Antes e depois da crise

Edição XIII | 02 - Mar . 2009

    Embora as dimensões reais do desarranjo econômico global ainda sejam desconhecidas, sabe-se de pronto que o processo colocou em cheque os modelos de gestão e negócios dos principais setores do planeta, entre eles o agronegócio. Nesse novo cenário em formação é adequado desde logo que os gestores se concentrem mais nos fundamentos administrativos e comecem a priorizar estratégias de médio e longo prazos em detrimento de ações reativas e pontuais. Entender e se posicionar na nova ordem é o grande desafio.

    O processo é cíclico

    A primeira grande crise ocorreu em 1929, com a quebra da bolsa de Nova York, e foi acompanhada por um período de depressão econômica, falência de bancos e de empresas, elevado desemprego, além de consequências nefastas no mundo todo.

    Na desestabilização de 1987 houve indícios de que o principal motivo se originou nos sistemas automáticos de trading, que em função de uma pequena descida do preço das ações, abaixo de determinados valores técnicos, iniciaram vendas automáticas de grandes lotes, o que levou o mercado a um pânico geral, dando o start para as vendas em cadeia. Como o governo interveio rapidamente as consequências não foram tão significativas. 

    Posteriormente, ainda tivemos a crise mexicana de 1994/1995; a asiática, em 1997/98; e principalmente a da Nasdaq, em 2000, alterando o processo natural de desenvolvimento dos mercados e da própria economia mundial.

    Somado a todas estas que afetaram globalmente a economia, houve outras convulsões e distúrbios pontuais que prejudicaram os agentes produtivos ao longo das cadeias de produção dos principais produtos agroindustriais, ora prejudicando um, ora outro. 

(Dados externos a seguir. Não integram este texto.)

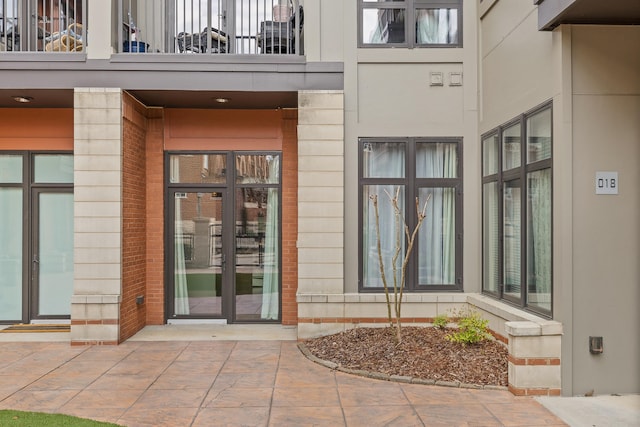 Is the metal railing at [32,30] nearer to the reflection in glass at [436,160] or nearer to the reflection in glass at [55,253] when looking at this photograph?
the reflection in glass at [55,253]

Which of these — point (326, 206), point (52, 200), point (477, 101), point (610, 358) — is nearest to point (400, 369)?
point (610, 358)

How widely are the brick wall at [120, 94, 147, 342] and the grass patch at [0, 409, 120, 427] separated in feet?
9.60

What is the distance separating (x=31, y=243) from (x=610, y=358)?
8.59 meters

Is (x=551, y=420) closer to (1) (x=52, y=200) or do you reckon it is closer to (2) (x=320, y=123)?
(2) (x=320, y=123)

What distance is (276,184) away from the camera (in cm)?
918

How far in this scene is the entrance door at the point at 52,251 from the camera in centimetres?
902

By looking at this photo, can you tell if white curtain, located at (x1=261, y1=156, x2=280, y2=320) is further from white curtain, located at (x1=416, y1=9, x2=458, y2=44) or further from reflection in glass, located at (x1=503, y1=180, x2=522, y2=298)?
reflection in glass, located at (x1=503, y1=180, x2=522, y2=298)

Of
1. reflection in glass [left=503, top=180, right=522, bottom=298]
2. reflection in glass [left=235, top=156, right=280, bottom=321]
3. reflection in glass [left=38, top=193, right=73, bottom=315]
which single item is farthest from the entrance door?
reflection in glass [left=503, top=180, right=522, bottom=298]

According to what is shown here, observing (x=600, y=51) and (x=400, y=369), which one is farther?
(x=400, y=369)

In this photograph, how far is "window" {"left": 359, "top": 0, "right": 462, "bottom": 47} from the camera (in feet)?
27.0

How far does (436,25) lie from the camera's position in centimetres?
830

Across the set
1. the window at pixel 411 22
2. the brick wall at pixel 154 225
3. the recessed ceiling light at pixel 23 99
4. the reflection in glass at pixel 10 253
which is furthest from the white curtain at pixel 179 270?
the window at pixel 411 22

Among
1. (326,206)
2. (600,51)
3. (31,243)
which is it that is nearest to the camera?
(600,51)

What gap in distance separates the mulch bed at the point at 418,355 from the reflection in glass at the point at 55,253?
14.5 ft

    As consequências foram diferentes, de um lado, em função da rapidez e profundidade da intervenção do Estado e de outro, pelo modelo de gestão e saúde econômico-financeira com que cada empresa tem conseguido enfrentar a crise no seu início. 

    No entanto, é importante perceber que os ciclos deste conjunto de tensões associadas têm-se repetido em intervalos cada vez menores e apresentando consequências frequentemente mais danosas e cumulativas. Se olharmos ao redor, perceberemos que o patrimônio das empresas está trocando de mão com rapidez impressionante.


    O cenário é positivo

    Tanto no curto como no médio e longo prazos há perspectivas positivas. Do mesmo modo que na economia como um todo, no agronegócio é unânime a percepção de que diante do atual cenário espera-se pelo menos dois ou três anos intensos de fusões e aquisições por parte das empresas mais estruturadas e posteriormente um novo ciclo de calmaria, estabilização e crescimento.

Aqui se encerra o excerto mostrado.